Dominik Lejman works in the same manner as a magician does when daring us to see the invisible. The raw material for his work ranges from the obvious to the everyday life patterns we so readily take for granted. Lejman doesn’t use any tricks or sleight of hand to make his point. Instead, he opens our imagination as if it was indeed our eyes, helping us find new ways to interpret the world we move in. A good example of this occurs in his two video works, Running Track (2005) and Skaters (2003). In Running Track Lejman begins with the naked body of a man running on a treadmill. Viewed from above we only see an obscure vision of the man, who slowly dresses in black clothes and then disappears altogether. Combined with the movement of the treadmill, the object seems to merely float in space. Simple yet surreal, the video has the feel and sensibility of an echo with a memory that can find its way home to its source.

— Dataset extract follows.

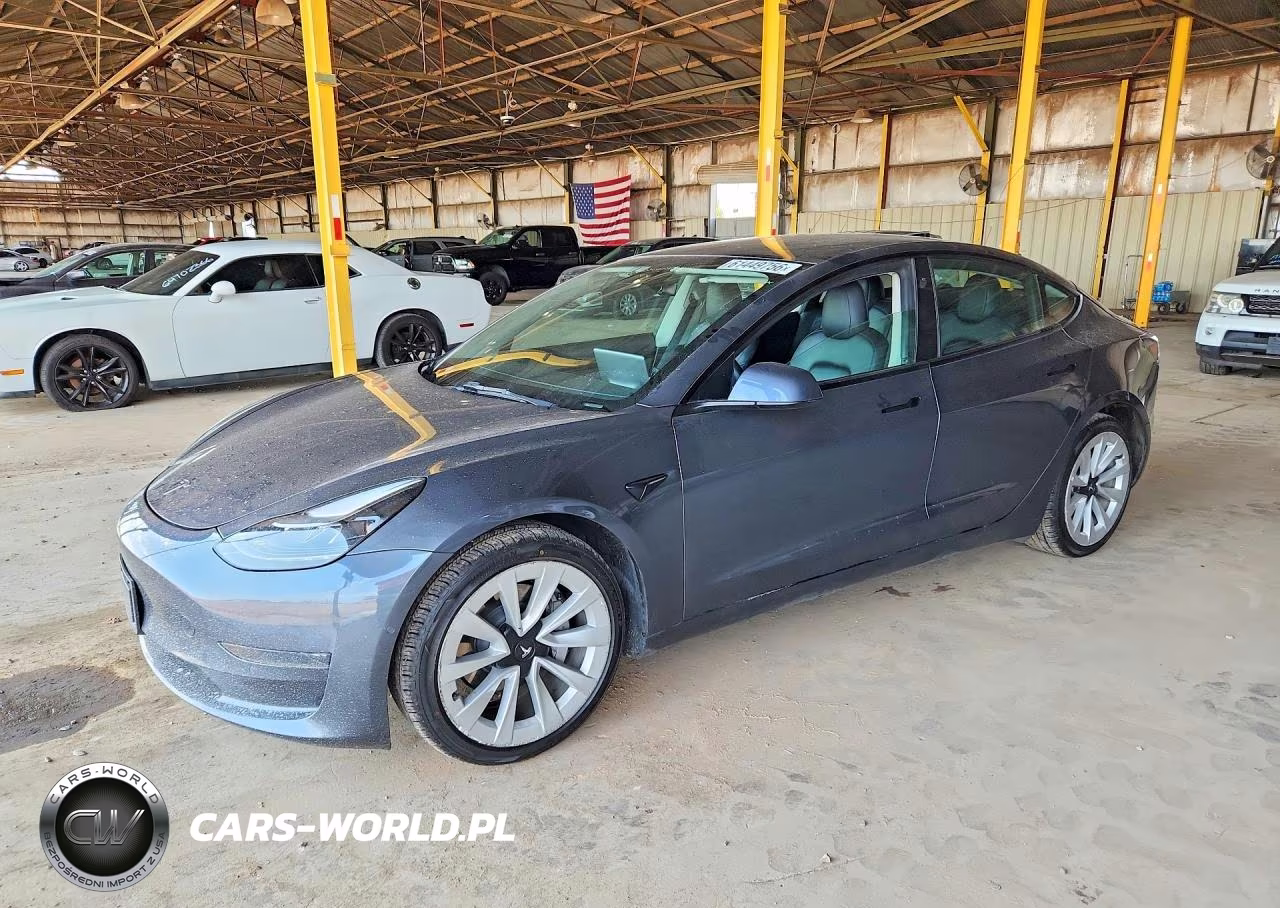2022 Tesla Model 3 – zdjęcie 1 z 12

With the same touch but a different approach, in his video Skaters Lejman questions how we interpret our individuality. By recording people ice skating in a public rink, he focuses on the patterns of their movement instead of any individual characteristics. To do this Lejman reduces the figures to white silhouettes, each defined only by the direction they move in; size and speed are the keys as opposed to age, sex, or race. The question is how much of life do we fail to acknowledge because we lose it in the pale shadows that rest outside the colors we hope to see.

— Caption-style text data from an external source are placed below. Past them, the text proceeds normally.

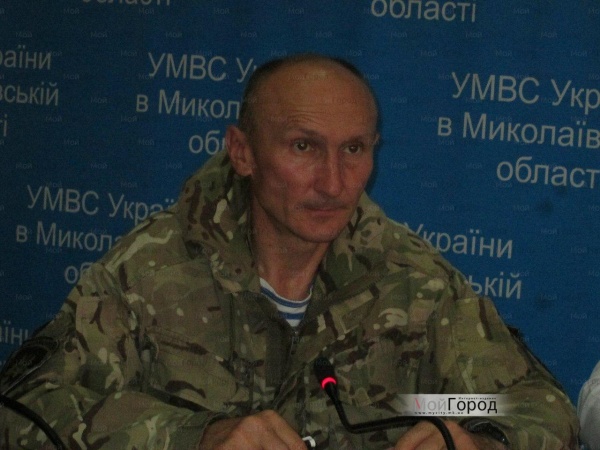 Начальник ГАИ Николаева угрожал оружием местным жителям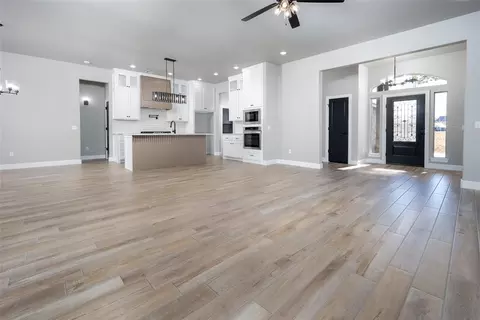 Living - 1455 Deer Ridge Run, Tuttle, OK 73089 photo 1 of 3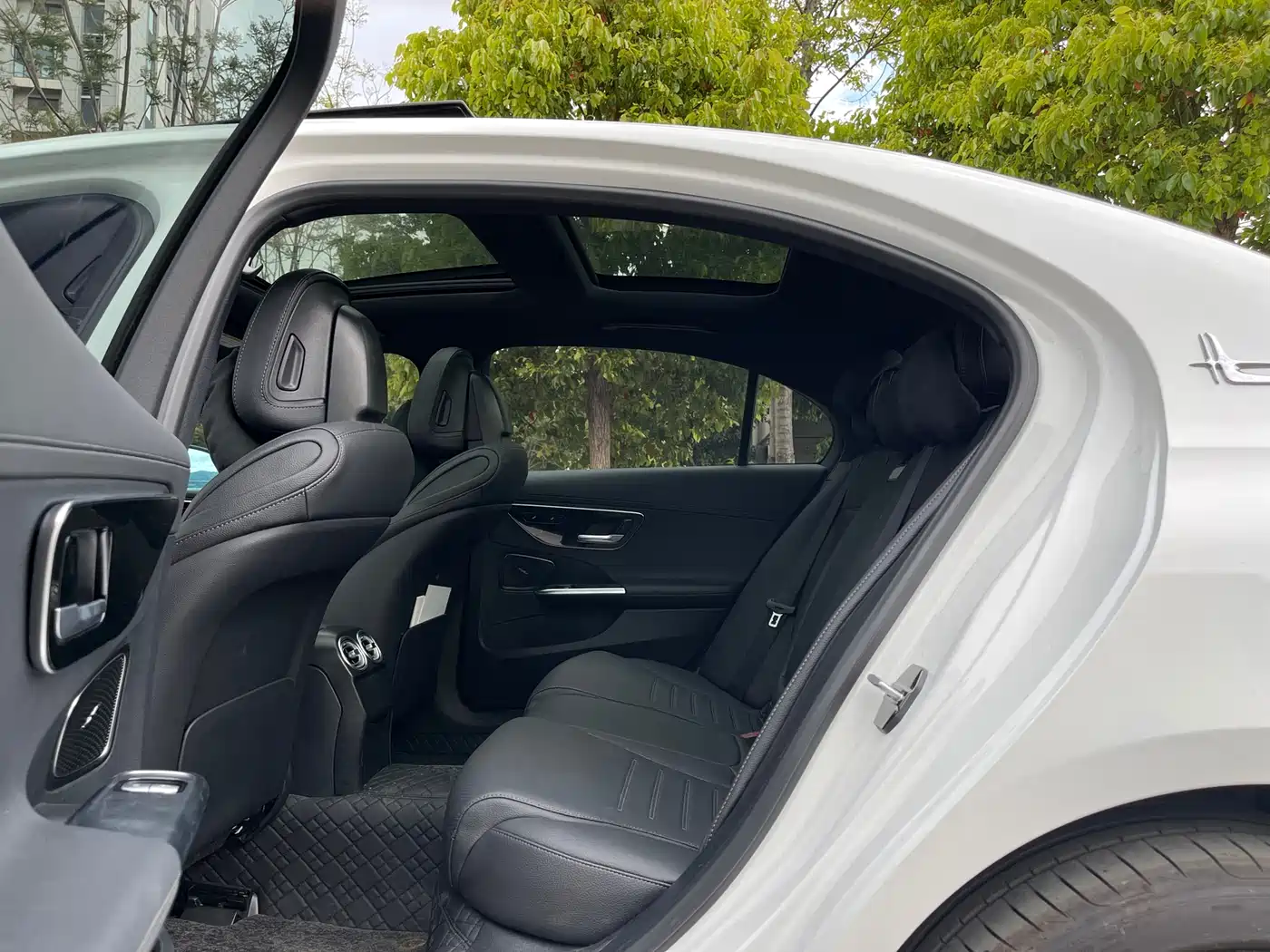 Mercedes-Benz C-Class 2024 Facelift C 260 L Sport фото 9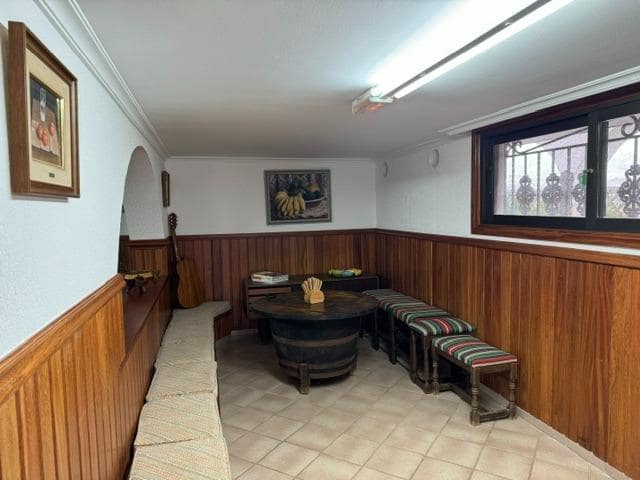 5 soveværelse Villa til salg i Santa Brigida med swimmingpool garage - € 950.000 (Ref: 8532038)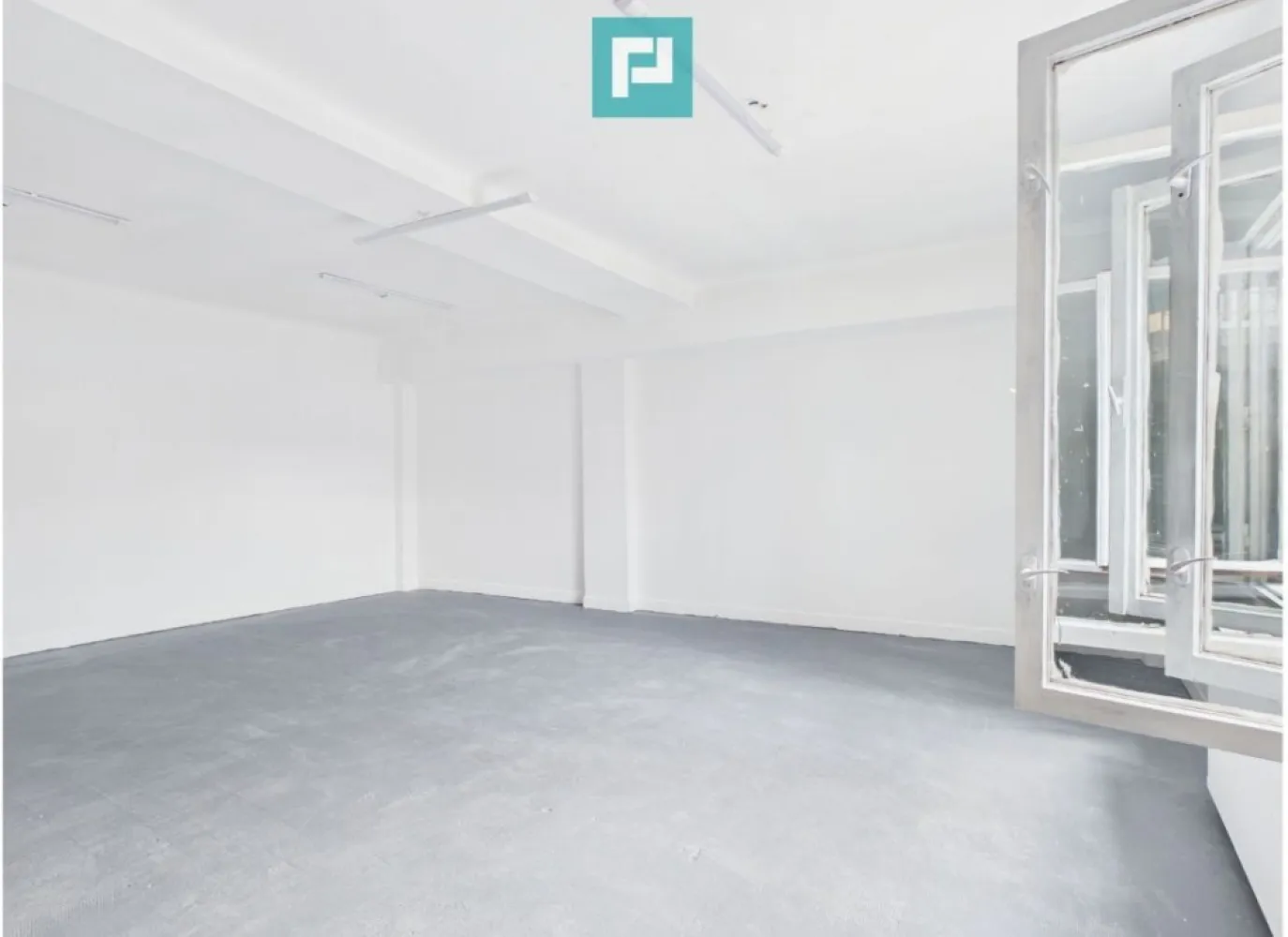 Spațiu comercial vitrat-central ARAD 250 mp utili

Dominik Lejman has built his career around questioning the parameters of the various media he is working in. Since his graduation as a painter from the Royal College of Art in London in 1995, Lejman has been one of the leading artists of his generation to challenge and create a new media art form based on the blending of painting and technology. Beginning in 1998 with the series Powerprayer (I, II, III) Lejman began to mix the discipline of painting with his video recordings to introduce a new dialogue in how to perceive. This merging provokes and confronts our prejudices of what we think a painting should be in the same manner as the Suprematists did in using collage as a technique to defy the boundaries of their generation’s assumptions of what a painting was. Lejman’s ventures into these new avenues of expression were unique at this time as he was using painting more as a conceptual tool than as an object confined by its discipline. This reminds me of John Baldessari’s Commissioned Paintings series (1969), where he used other people to paint his ideas. The emphasis was built around the concept of what a painting isn’t, rather than what it is. Lejman in the same way uses the means of the act of making to open a conversation on where a painting can go by challenging its validity as an art form. Lejman in turn uses his videos to entrap moments in time—space differentials. He creates a new forum for dialogue by intertwining these projected images with the painted surface of the canvas so that they may act as a vehicle for his ideas.
This comparison to Baldessari grows in Lejman’s work Yo Lo Vi (2006). Inspired by Francisco de Goya’s The Inquisition Tribunal (1812–1819), Lejman injects the use of a time lapse (as Baldessari did in his later works), drawing the public into the visual picture a few seconds after they have entered the room to view it. By using a staged image that refers to the atrocities that occurred at Guantamamo Bay, Lejman forces us to confront social injustices by introducing the audience as part of the inquisition jury.
In the work Guggenbubble (2010), this interaction produces a translucent-like sensation where the video recordings seem to dance just under the brush strokes of the painting, heightening the tension between the two until the object feels alive. His use of light and movement remind me of the new media pioneer Jim Campbell whose innovation in electronic art has set the tone for this century’s new media discoveries. Lejman wants his presentations to be viewed in natural light so that we can experience another dimension outside of the black box and fully absorb the encounter in real time. His multi-layered configurations move the passage of time by altering the depth of space from which they were initially recorded. These fusions work together to push our presumptions of truth much like Plato’s analogy in the allegory of the cave where reality is merely an illusion, a shadow of what the truth may look like. In a sense Lejman decodes our presence through the patterns we leave in the spaces in which we move. He fuses these images together to project the fantasies embedded in our subconscious. Dominik Lejman’s works create their own somnambulistic language, a conceptual dream-walk through a non-definable space.